CHECK_INTERVAL="${CHECK_INTERVAL:-60}"
ALERT_THRESHOLD_MEMORY="${ALERT_THRESHOLD_MEMORY:-80}"
ALERT_THRESHOLD_CPU="${ALERT_THRESHOLD_CPU:-80}"
ALERT_THRESHOLD_CONNECTIONS="${ALERT_THRESHOLD_CONNECTIONS:-80}"
# 日志函数
log() {
echo "[$(date '+%Y-%m-%d %H:%M:%S')] $1" >&2
}
# 检查节点连接
check_node_connection() {
local node_addr="$1"
local node_ip
local node_port
IFS=':' read -r node_ip node_port <<< "${node_addr}"

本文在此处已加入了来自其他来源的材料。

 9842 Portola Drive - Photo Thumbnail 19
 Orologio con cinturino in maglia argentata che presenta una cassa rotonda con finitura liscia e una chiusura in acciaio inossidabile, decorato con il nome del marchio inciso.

if redis-cli -h "${node_ip}" -p "${node_port}" -a "${REDIS_PASSWORD}" ping > /dev/null 2>&1; then
return 0
else
return 1
fi
}
# 获取节点信息
get_node_info() {
local node_addr="$1"
local node_ip
local node_port
IFS=':' read -r node_ip node_port <<< "${node_addr}"
# 获取节点基本信息
local info
info=$(redis-cli -h "${node_ip}" -p "${node_port}" -a "${REDIS_PASSWORD}" info server,memory,clients,stats 2>/dev/null || echo "")
if [[ -z "${info}" ]]; then
echo "ERROR: 无法获取节点信息"
return 1
fi
# 解析信息
local redis_version
local used_memory
local used_memory_human
local used_memory_peak
local used_memory_peak_human
local connected_clients
local total_commands_processed
local instantaneous_ops_per_sec
redis_version=$(echo "${info}" | grep "redis_version:" | cut -d: -f2 | tr -d '\r')
used_memory=$(echo "${info}" | grep "used_memory:" | cut -d: -f2 | tr -d '\r')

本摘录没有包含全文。